Multiple Rails and the Future of Real-Time Payments
Real-time payments’ success rests in large part on ensuring system interoperability and real-time data exchange.
Banks recognize the need for interoperability—but have been slow to act.
Interoperability remains more aspiration than reality. A 2025 report from RedCompass Labs finds that 92% of banks offering instant payments are considering interoperability between payment schemes, with 52% strongly considering it. Despite this interest, only 2% have put interoperability into practice. This sizable gap highlights deep technical and operational barriers. As Edenred Pay explains, interoperability reduces costs, improves fraud detection and widens access—but demands coordination, common protocols and shared infrastructure. Meanwhile, Mastercard argues that interoperability strengthens system resilience by allowing fallback between schemes. Most institutions are still figuring out how to make it happen.
92%
of U.S. banks offering instant payments are eyeing interoperability. Only 2% are making it happen.
PaaS platforms are emerging as practical interoperability enablers.
As noted in the 2025 U.S. Faster Payments Barometer, modern payments-as-a-service (PaaS) platforms are serving as practical workarounds to real-time rail interoperability challenges. By providing a single point of access to multiple payment networks, these systems mask the underlying complexity of connecting to different rails, allowing institutions to manage noninteroperable systems while keeping internal processes consistent. The result is less operational friction, lower costs and greater flexibility.
Standards and partnerships aim to support global payment interoperability.
The U.S. Faster Payments Council has endorsed ISO 20022 as key to achieving seamless cross-border payments. ISO 20022 enables structured data exchange and supports automation of compliance, fraud detection and reconciliation across networks. Richer ISO 20022 formatting ensures U.S. systems can communicate globally, with the Faster Payments Council urging Society for Worldwide Interbank Financial Telecommunication (SWIFT)-aligned transitions. The Council also recommends stronger interlinkages between U.S. domestic systems like the RTP network and FedNow Service and global networks. To support around-the-clock international interoperability, the Council highlights the value of partnerships with innovative FinTech firms such as Ripple and Stellar.
From Vision to Execution: The Future of U.S. Instant Payments
Interoperability may determine whether real-time payments fulfill their potential—or remain locked in silos.
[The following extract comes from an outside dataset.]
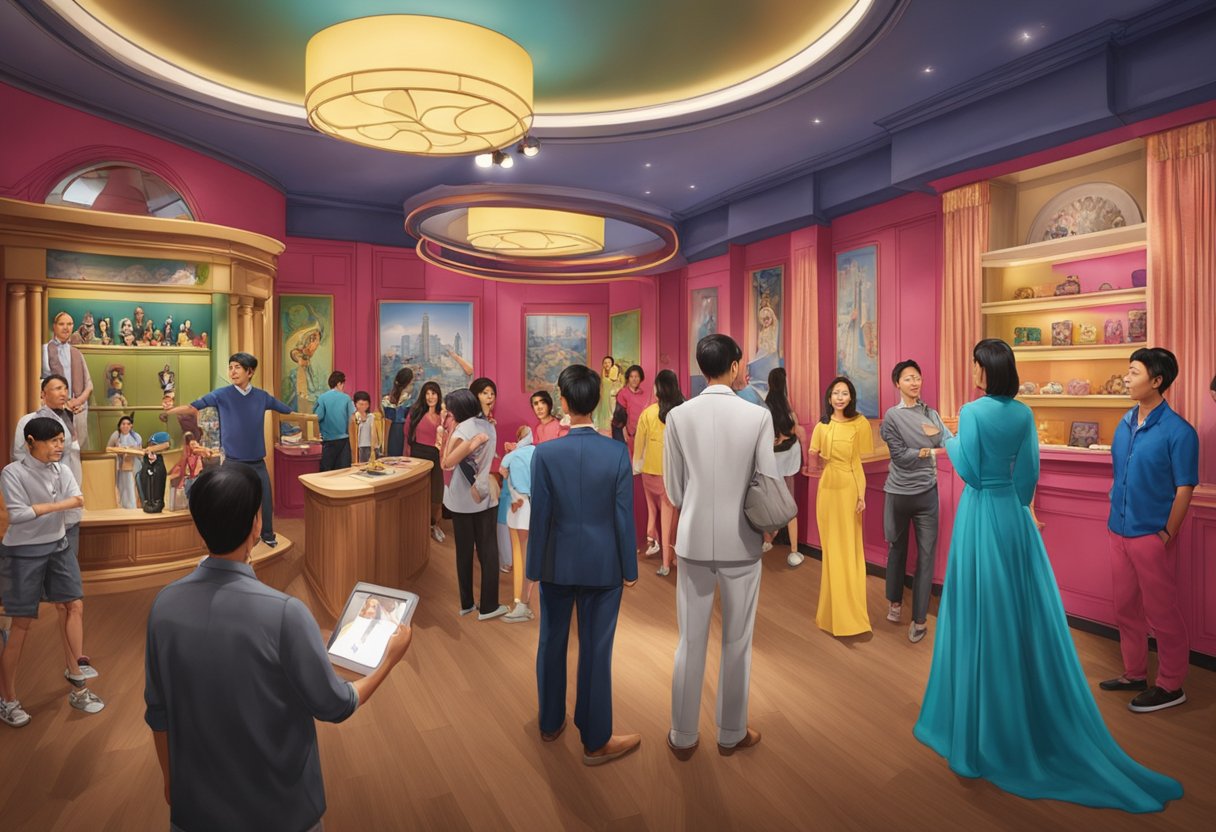 A bustling room filled with lifelike wax figures and interactive exhibits at Madame Tussauds Singapore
Today, most systems still operate in isolation, making it harder for FIs to scale, compete and control costs. Financial institutions, technology providers and policymakers must now coordinate efforts to bridge the gap between intent and execution—and build a unified, resilient real-time payment infrastructure.
To accelerate progress, PYMNTS Intelligence recommends the following strategies:
- Enable real-time liquidity visibility across systems to manage capital efficiently.
- Leverage PaaS platforms to simplify access to multiple rails and reduce integration complexity.
- Embed fraud detection and compliance into interoperable workflows to minimize risks and operational friction.
- Support ISO 20022 and SWIFT compatibility for global message alignment.
- Build contingency strategies so that systems can fall back on alternative rails when needed.
Fragmentation remains a drag on efficiency, access and innovation. As a result, work on interoperability should be accelerated. It may be the foundation for scaling real-time payments from patchwork adoption to the industry standard.